# Power Box



## Brian Rupnow (Jan 26, 2014)

Yes, I know, its a rather strange thread title. While I wait for CNC parts to arrive for my Opposed Piston engine, I am thinking of my collection of i.c. engines. I now have the Webster, the Kerzel hit and miss, the Atkinson engine, the Odds and Ends engine by Philip Duclos, the "Rupnow engine" and the newest, my opposed piston engine. On all except for the Rupnow engine, which I used a CDI ignition, the rest of the engines use conventional 12 volt coil and ignition points. The Kerzel engine is in a category of its own because the 12 volt coil is built into the engine base. This still leaves me with four engines which require that every time I want to run them require a complete wiring up before they are runnable. They all have their own point set and condenser, but the coil has to be changed from engine to engine. Coils are not cheap. I pay $50 each for 12 volt coils at my local auto parts store. Fortunately I have a deep cycle 12 volt battery for my fishing boat, which is a ready (if heavy) power supply. I think I may embark on a small woodworking project.-Basically a small wooden box which will hold a 12 volt coil, an on/off switch, an indicator light to show when the power is on, and a permanently installed high tension lead from the coil. I may make the "power in" lead and the ground lead "plug in" style connectors with alligator clips on the ends which attach to the battery and the ignition points. I may even make it a dual compartment box so that all of the electrical leads can be coiled and stored in the second compartment, so that my "power box" doesn't have a gaggle of wires hanging from it. Has anybody else done something similar?---Brian


----------



## doc1955 (Jan 26, 2014)

I did something similar but with a CDI ignition. I have a small wooden box that house the CDI unit with coil and switch and an LED power indicator along with the battery pack which is only 3 aaa batteries. I have plugins on the box for the wires they all unplug from the box I can hook it up to any of my engines it has provisions for hall effect and a plug for points so it works with either style of ignition. I'm actually thinking of building a second on so that I can run a couple of my engines at once right now only one can run.

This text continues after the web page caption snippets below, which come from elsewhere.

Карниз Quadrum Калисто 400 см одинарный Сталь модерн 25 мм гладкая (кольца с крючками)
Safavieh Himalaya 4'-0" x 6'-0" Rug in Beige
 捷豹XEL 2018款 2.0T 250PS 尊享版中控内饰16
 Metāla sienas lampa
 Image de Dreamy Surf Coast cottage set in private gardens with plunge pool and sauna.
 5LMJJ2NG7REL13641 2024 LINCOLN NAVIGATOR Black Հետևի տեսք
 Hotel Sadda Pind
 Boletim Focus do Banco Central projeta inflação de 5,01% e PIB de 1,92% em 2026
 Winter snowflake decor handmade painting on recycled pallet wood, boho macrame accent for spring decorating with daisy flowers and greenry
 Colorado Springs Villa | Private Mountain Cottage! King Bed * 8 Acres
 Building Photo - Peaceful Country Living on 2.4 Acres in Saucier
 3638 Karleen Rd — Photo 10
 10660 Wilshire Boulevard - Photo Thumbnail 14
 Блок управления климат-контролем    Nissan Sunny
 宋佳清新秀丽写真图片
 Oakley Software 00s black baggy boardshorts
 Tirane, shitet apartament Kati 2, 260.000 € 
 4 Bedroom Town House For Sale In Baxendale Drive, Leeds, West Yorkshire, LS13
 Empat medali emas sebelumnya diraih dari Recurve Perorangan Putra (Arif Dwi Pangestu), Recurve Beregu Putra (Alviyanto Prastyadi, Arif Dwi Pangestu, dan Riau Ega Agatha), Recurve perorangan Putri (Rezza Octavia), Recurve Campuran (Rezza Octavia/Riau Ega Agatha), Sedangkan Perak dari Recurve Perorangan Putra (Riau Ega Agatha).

     I did another build you might be interested in that is a power test box then you could eliminate the deep cycle battery. If you can get your hands on an old computer and grab the power supply from it they put out a nice steady supply of DC current in various voltages. It would be smaller and much lighter then a deep cycle and you can just plug in to an outlet.


----------



## goldstar31 (Jan 26, 2014)

The Brits had things in the Royal Air Force called 'trolley ac's' or more correctly Trolley Accumulators which where wheeled 12 and 24 battery sets to start up things like Rolls Royce Merlin engines that were used in Spitfires, Hurricanes, Lancasters and Mosquitos. They were plugged in- engine fired and pulled out of the way whilst the engines were run up with a couple of erks( aircraftsmen) on the chocks. When it was impossible to use them, we used Coffman starters which were essentially cartridges fitted into the Merlin engines. I'm a bit more vague on American types but I do recall a North American Harvard coming in to Hendon and a pool of gasoline/petrol overspilled onto the apron and two stabs of 'lightning' from the trolley acc as some idiot had left the power on whilst pulling the connection. 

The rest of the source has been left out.